Though, the Roman Chair helps prevent injury with strong torso muscles as well as reducing chronic back pain. When carrying out any exercise using the Roman Chair ensure that you perform the exercise correctly in order not to injure yourself. Performing the sit up exercise has the highest risk of sustaining injuring, therefore many health experts prefer the exercise is not perform at all because it is an inefficient abdominal target. The more focus exercise is the crunch and leg lift abs exercises and they more efficient.

When doing sit up make sure your hand is not behind your neck as you carry out the exercise. Sit up is safe carrying out if you can keep your back straight through out the movement. Though as the muscles becomes tired the back aches and puts strain on the back. Placing your hand behind the neck increases the pain on the back and should be avoided. The abdominal crunch is a more targeted and effective exercises for abdominal strength development.

Variation in technique

The Roman Chair can be used to perform various exercises when it is varied. The back hyperextension exercise combines a twisting motion to the end of the movement.
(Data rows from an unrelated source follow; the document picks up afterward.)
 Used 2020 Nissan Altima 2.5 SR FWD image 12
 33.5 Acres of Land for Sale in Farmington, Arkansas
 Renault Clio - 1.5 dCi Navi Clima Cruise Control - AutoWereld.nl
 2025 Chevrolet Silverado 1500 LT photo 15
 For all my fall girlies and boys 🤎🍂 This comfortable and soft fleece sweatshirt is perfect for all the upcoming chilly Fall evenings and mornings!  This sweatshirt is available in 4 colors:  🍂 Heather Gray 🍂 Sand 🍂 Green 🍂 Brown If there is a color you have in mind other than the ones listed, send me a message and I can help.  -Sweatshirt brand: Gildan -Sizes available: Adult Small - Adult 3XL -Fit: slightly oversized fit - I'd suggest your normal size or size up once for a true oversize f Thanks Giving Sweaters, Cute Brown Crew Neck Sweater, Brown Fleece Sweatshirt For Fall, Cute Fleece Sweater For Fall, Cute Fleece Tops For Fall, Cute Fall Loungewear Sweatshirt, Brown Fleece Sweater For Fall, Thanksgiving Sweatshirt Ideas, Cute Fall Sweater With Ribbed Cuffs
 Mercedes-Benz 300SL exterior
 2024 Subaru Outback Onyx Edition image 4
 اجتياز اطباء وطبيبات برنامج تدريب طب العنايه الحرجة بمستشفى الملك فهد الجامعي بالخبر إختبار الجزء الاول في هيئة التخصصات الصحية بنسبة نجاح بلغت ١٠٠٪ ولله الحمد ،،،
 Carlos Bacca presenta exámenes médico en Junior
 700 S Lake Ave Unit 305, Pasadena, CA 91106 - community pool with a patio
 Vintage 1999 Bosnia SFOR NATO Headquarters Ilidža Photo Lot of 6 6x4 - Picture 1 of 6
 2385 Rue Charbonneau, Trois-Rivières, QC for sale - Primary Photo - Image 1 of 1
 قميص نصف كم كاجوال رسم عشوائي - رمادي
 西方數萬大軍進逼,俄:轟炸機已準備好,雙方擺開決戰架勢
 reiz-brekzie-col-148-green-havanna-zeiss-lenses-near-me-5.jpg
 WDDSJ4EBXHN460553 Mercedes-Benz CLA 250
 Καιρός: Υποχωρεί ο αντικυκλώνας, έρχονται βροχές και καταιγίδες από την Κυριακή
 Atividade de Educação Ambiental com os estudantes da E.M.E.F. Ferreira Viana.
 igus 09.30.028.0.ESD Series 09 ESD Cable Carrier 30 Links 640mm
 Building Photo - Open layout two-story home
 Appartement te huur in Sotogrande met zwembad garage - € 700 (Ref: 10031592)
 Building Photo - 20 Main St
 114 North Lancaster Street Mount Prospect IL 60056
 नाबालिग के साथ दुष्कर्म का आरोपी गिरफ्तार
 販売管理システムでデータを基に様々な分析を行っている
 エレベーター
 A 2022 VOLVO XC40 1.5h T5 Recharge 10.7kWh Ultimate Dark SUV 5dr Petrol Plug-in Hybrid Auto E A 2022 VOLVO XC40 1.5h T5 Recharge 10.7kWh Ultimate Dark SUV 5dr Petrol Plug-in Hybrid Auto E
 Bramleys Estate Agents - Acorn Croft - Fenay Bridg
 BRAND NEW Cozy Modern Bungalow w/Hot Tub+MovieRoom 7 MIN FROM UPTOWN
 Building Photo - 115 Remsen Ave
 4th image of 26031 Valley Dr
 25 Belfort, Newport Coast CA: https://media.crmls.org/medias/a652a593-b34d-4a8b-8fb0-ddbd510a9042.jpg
As you reach the top of the range of motion, as you twist, the strain on the muscles, and the side of the back increases. The exercise could be made more difficult by advanced lifters who add weight to the back hyperextension.

Benefits of Roman Chair

The number of people suffering from chronic back pains is numerous and medical reports have shown that a lot of pain can reduced through exercise that strengthen the core torso and back muscles. This is one the great importance of the Roman Chair. Also, it is an effective gym equipment used in targeting muscle strain on the lower back, glutes, hamstrings, and abdominal muscles.